• The problem: Exactly the lines from the one holding "Sleduj Spell On" through the end of the material below must be printed, nothing more, and the pictures must be dropped.
━━━━━ Data
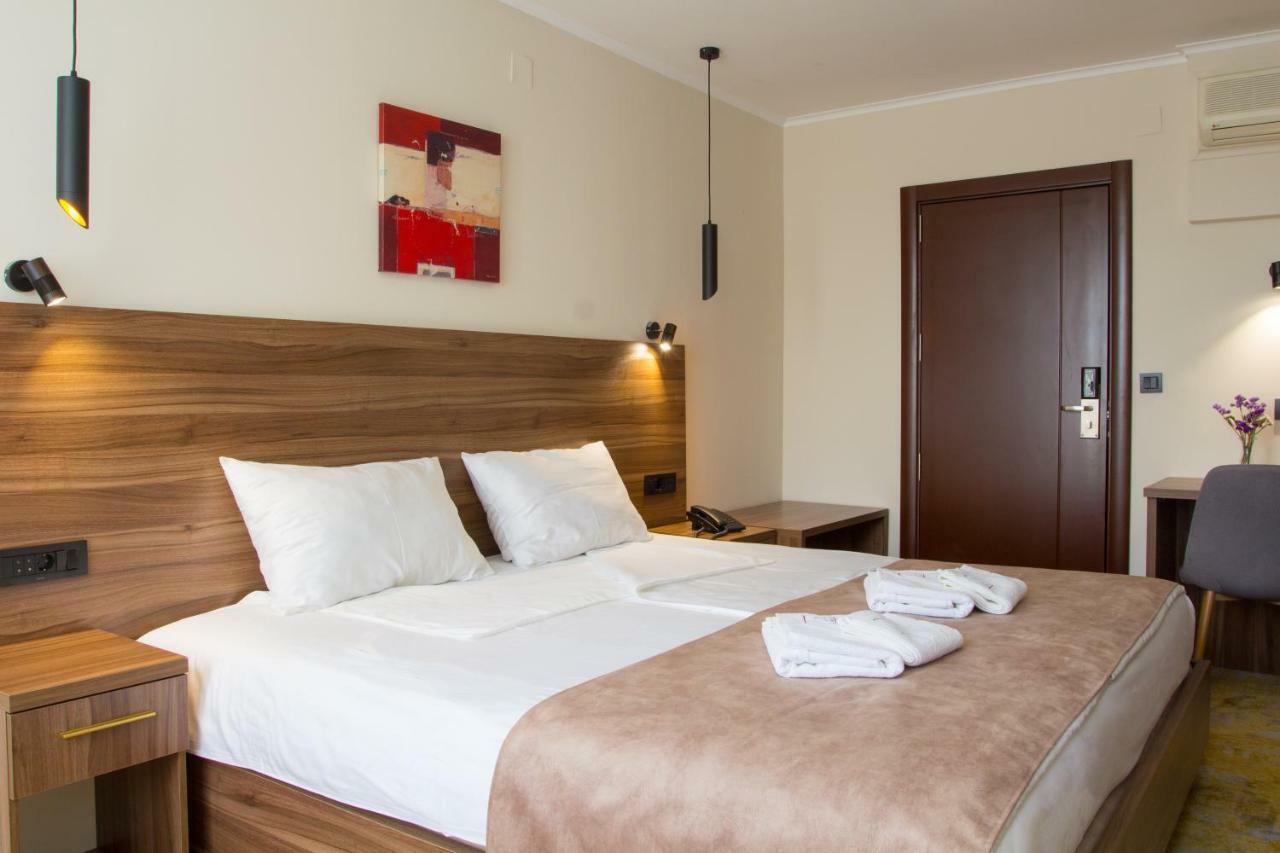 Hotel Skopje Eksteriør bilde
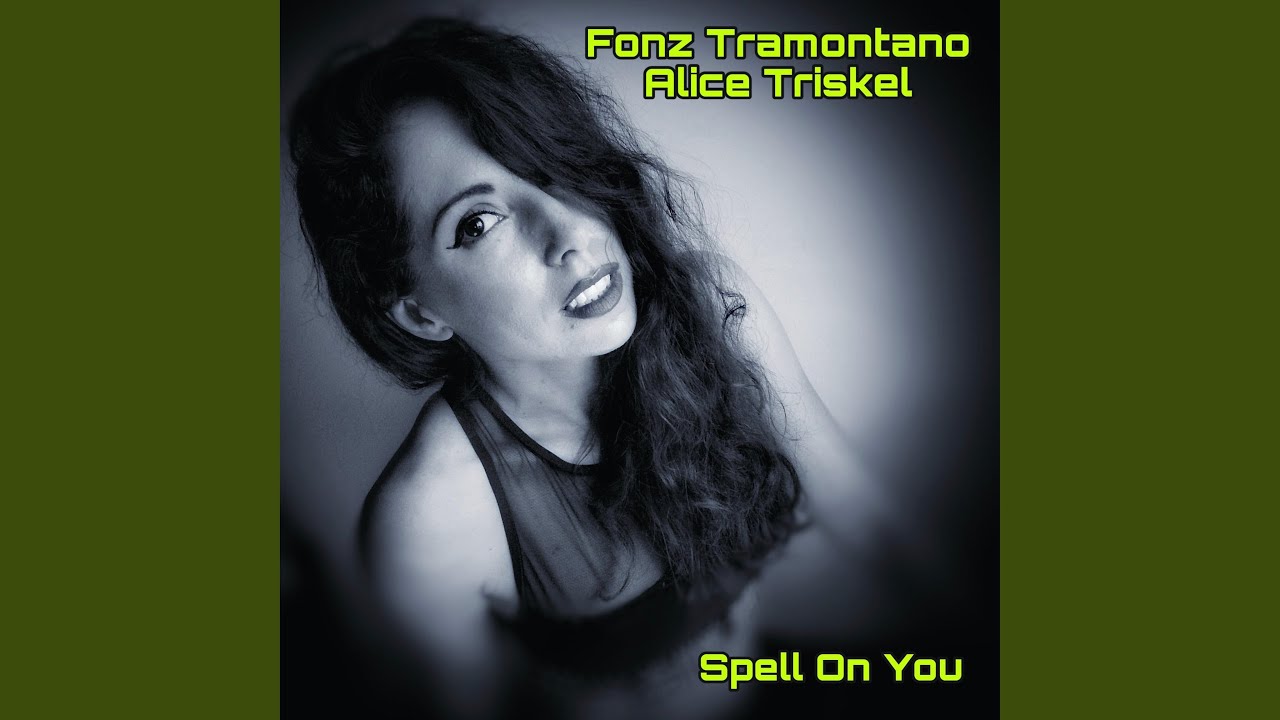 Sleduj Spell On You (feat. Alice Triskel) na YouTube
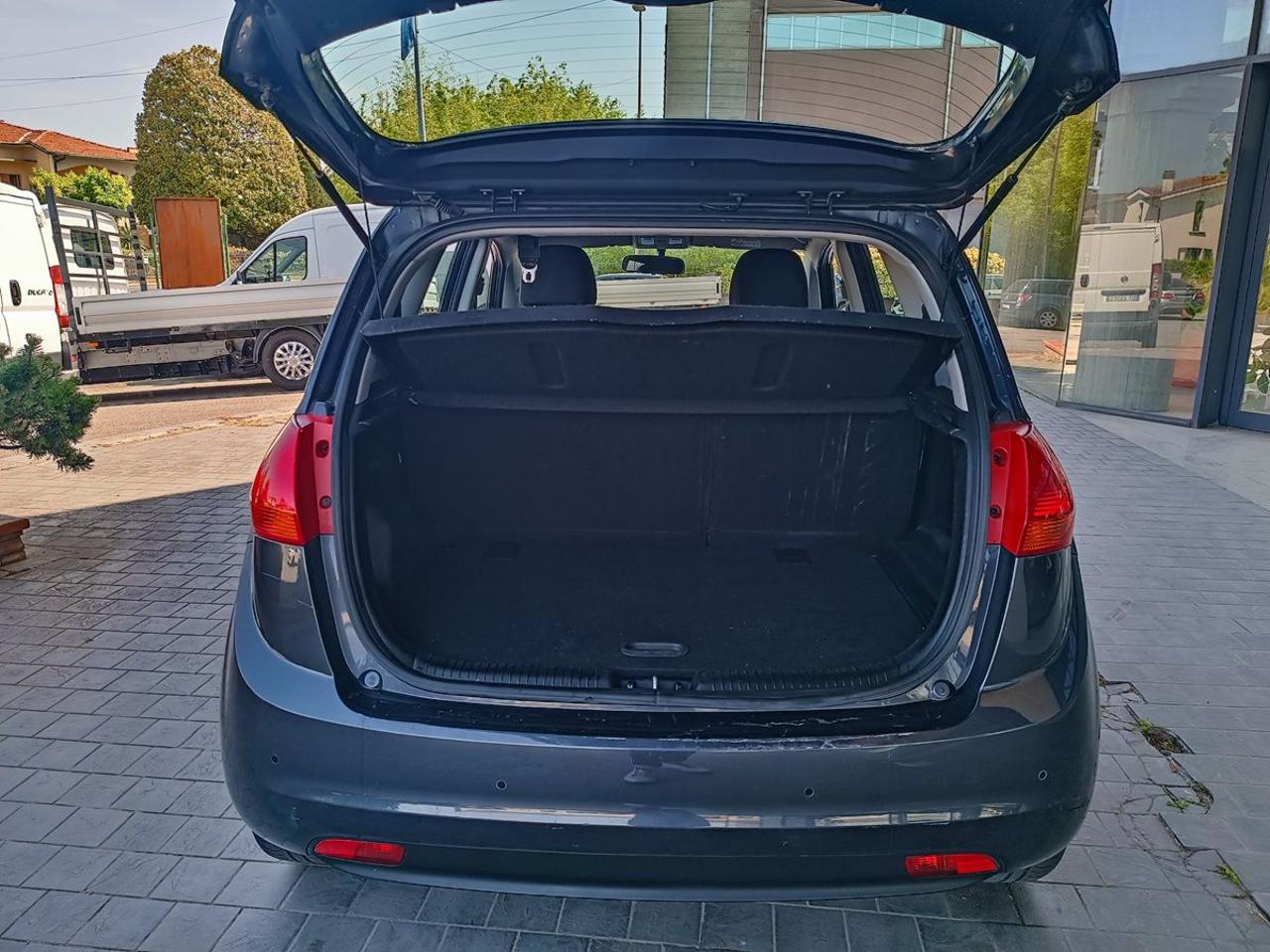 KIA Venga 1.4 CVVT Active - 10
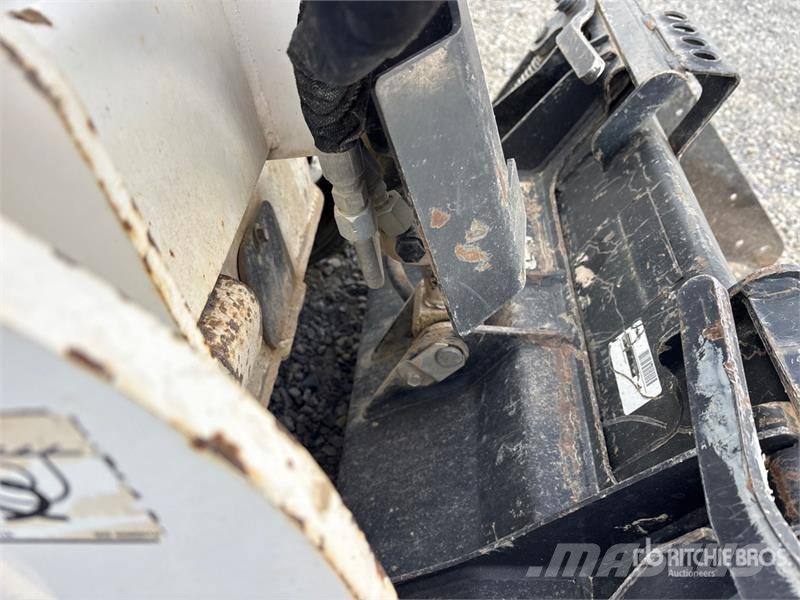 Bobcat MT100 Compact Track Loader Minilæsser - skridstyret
━━━━━━━━━━
• Output of the task:
 Sleduj Spell On You (feat. Alice Triskel) na YouTube
 KIA Venga 1.4 CVVT Active - 10
 Bobcat MT100 Compact Track Loader Minilæsser - skridstyret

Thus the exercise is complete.